From the end of March, regional casting calls will be held in malls in Dubai, Abu Dhabi and Doha for men and women aged 14-22. Entrants will be given a chance to walk the catwalk in form-fitting clothes with minimal make up, and candidates should be at least 172cm tall. While the later stages of the competition are limited solely to the fairer sex, male model potentials will be scouted in the preliminary round.
The national casting happens next and will be a closed event with select invitees and parents of the girls. It will feature 60 shortlisted candidates.
“Elite has been the leading modelling agency for the past 40 years and since 1983 the modelling contest attracts over 350,000 participants every year from 800 cities,” said Shana Sebban-Mannarini, the chairwoman of Elite Middle East. “Winners of the contest enjoy such a high success rate in the industry because we understand the seriousness of this career choice as opposed to how people typically view modelling.”
Following the national casting, the Elite model look jury will choose fifteen contestants who will participate in the final. They will be selected based on their photogenic qualities, personality and natural beauty but also their potential to correspond to current fashion trends.
“Girls want to become models because it is a dream job: walking for the most important designers, travelling the world, discovering other cultures and countries. But it is also a real job with a lot of constraints and obligations, so during these steps of the contest we show the contestants the reality of this position and everything that it entails.” says Adriana Usvat, the managing partner of FLC Models – the local talent agency collaborating with Elite Middle East for the competition.

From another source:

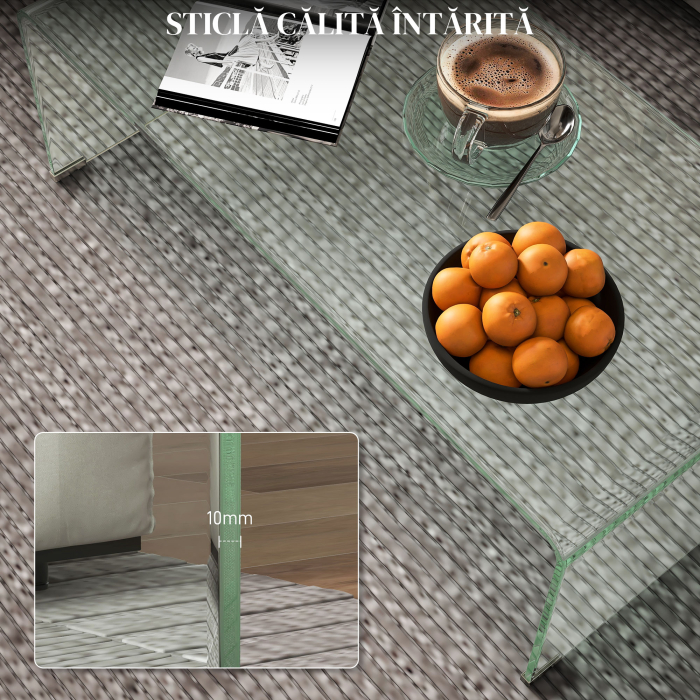  Masa de Cafea Monobloc cu Blat din Sticla Securizata - Moderna [4]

“This competition has offered many young girls a chance to be discovered and literally take the fashion world by storm,” added Usvat. “And it is now coming to the UAE and Qatar offering young girls here a platform to showcase not only their beauty but also their personality and talents. This is important because it does not matter how beautiful you are if you do not have the right personality.”

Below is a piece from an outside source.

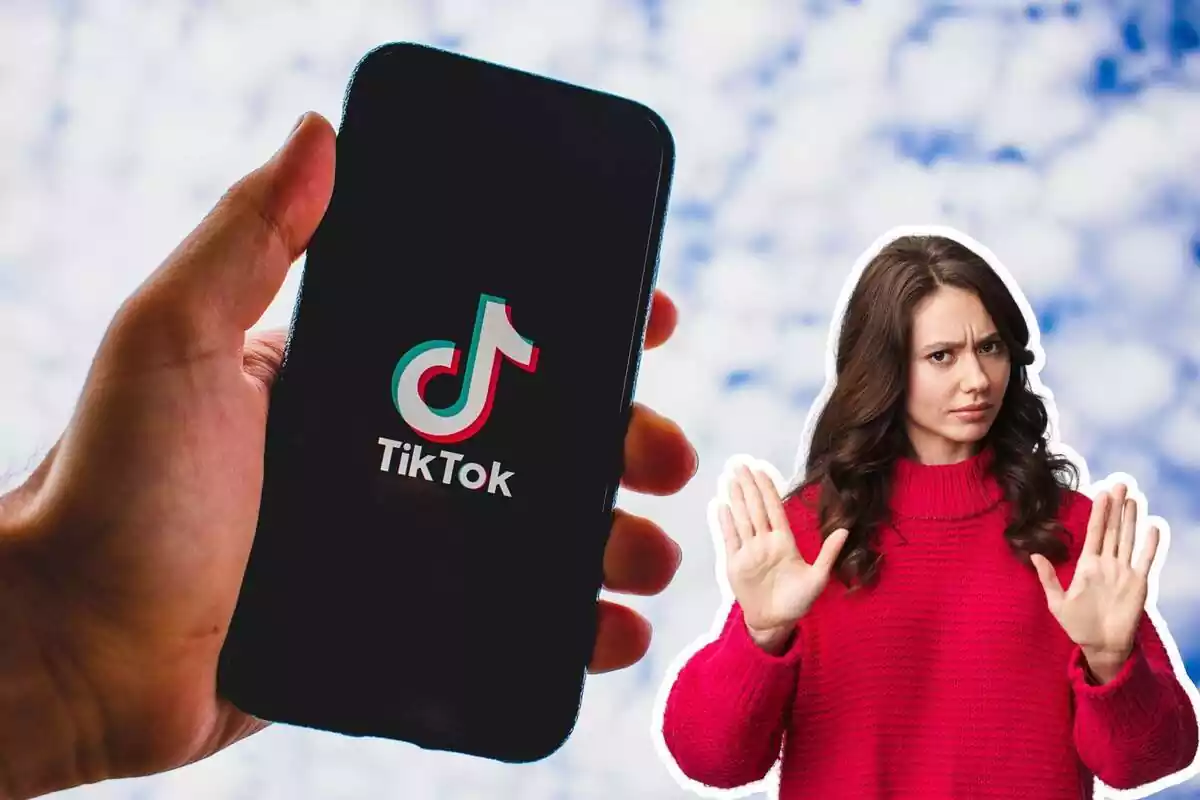 Montaje de un teléfono con el logo de TikTok y una chica gesticulando parar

Physical attributes aside, the group stress that commitment, determination, hard work, good temperament and sound health are necessary factors to becoming a model.
In an industry plagued by the size zero debate, the team assures us that in their books a good model is a healthy one.

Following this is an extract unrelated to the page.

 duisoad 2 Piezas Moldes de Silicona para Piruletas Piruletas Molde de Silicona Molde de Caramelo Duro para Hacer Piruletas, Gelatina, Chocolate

“Having a good way of life is very important because being a model is hard work. Even if the girls have to be slim, they have to follow a healthy way of eating,” Usvat said.
“The reason we are targeting people so young is because we are trying to develop a career here. And because they are young we will need the consent of the parents for them to participate,” Usvat said. “It is important that parents understand and support them so we will be transparent as possible and will be on hand to answer any concerns they might have.” The Elite team promises to respect the cultural sensitivities of the region “at every step of the competition”.
The final winner will win a spot in the Elite Model Look world final, to be held in China this year. Girls selected secure a three-year contract with the Elite agency.
“It’s such an amazing experience to take part in the world final. Six years ago the girl from France did not win, but she tried the following year and emerged the winner,” said Sebban-Mannarini. “I think this is so because in that one year you become more confident and understand your self worth. Whoever wins from UAE and Qatar will have this option too.” Interestingly Crawford, Kruger, Seymour and Bundchen all participated in the contest but didn’t win -- while Bundchen placed fourth, Crawford was a runner-up.
Sebban-Mannarini’s advice? “Don’t stress, be yourself and give your best.”